The object being sensed is often referred to as the proximity sensor's target. Different proximity sensor targets demand various sensors depending on the target's material and the sensor design. For example, a capacitive proximity sensor or photoelectric sensor might suit a plastic target; an inductive proximity sensor always requires a metal target.

Proximity sensors have quite a few uses in everyday life. They are used to replace measuring tapes in measuring devices at construction sites. Cars are equipped with ultrasonic sensors to alert them if they get too close to another object, especially when parking. Without needing to measure distances, they can only register the presence of an object, for example, machines working in danger zones. A proximity sensor adjusted to a short-range is often used as a touch-free switch.

• Tactile sensors measure inputs from humans, generally finger touch and pressure. A common application of tactile sensors is in touchscreen devices, including mobile phones. Sound sensors can detect and measure ambient sound levels. Microphones could be considered specific and accurate sound sensors in which human speech is detected and can be played back or analyzed to create voice-controlled solutions.

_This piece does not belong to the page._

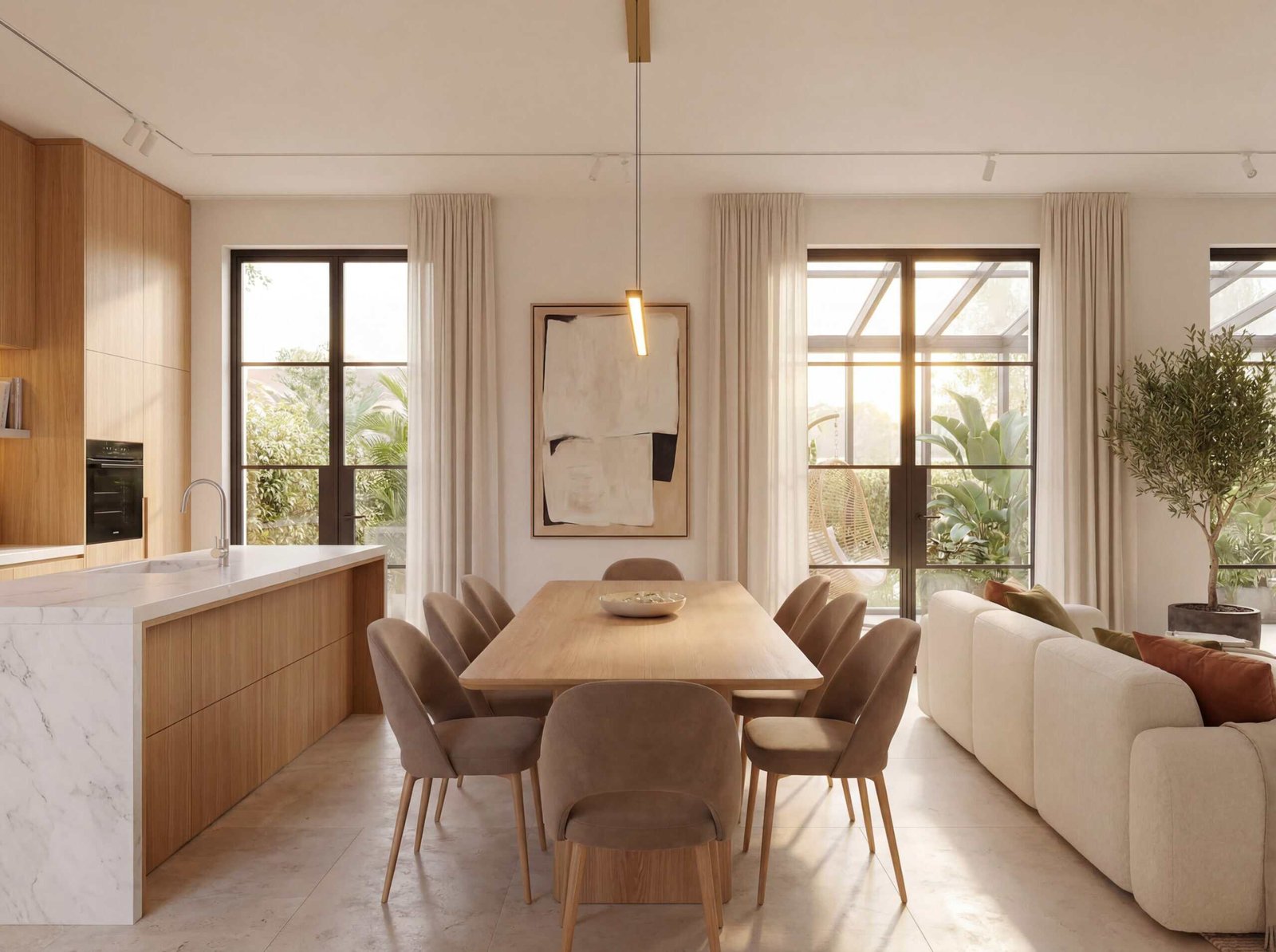 Open Plan — Dining Room with Kitchen Island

• Speed sensors are most commonly seen as speedometers in vehicles and are used to measure the speed of the vehicle. An accelerometer is designed to measure non-gravitational acceleration. When the object is integrated with it and goes from a standstill to any velocity, the accelerometer is designed to respond to the vibrations associated with such movement. It uses microscopic crystals that go under stress when vibrations occur, and from that stress, a voltage is generated to create reading on any acceleration. Accelerometers are also used in devices that track human movement, such as for tracking fitness activities.

• A Gyroscope is not a sensor in a true sense, but it provides information about the environment just like sensors and has extremely important applications. It is a device that uses Earth's gravity to help determine orientation. Its design consists of a freely-rotating disk called a rotor, mounted onto a spinning axis in the center of a larger and more stable wheel. As the axis turns, the rotor remains stationary to indicate the central gravitational pull, and thus which way is down. Gyroscopes are used in an aircraft to indicate the rate of rotation around the aircraft roll axis with its turning angle.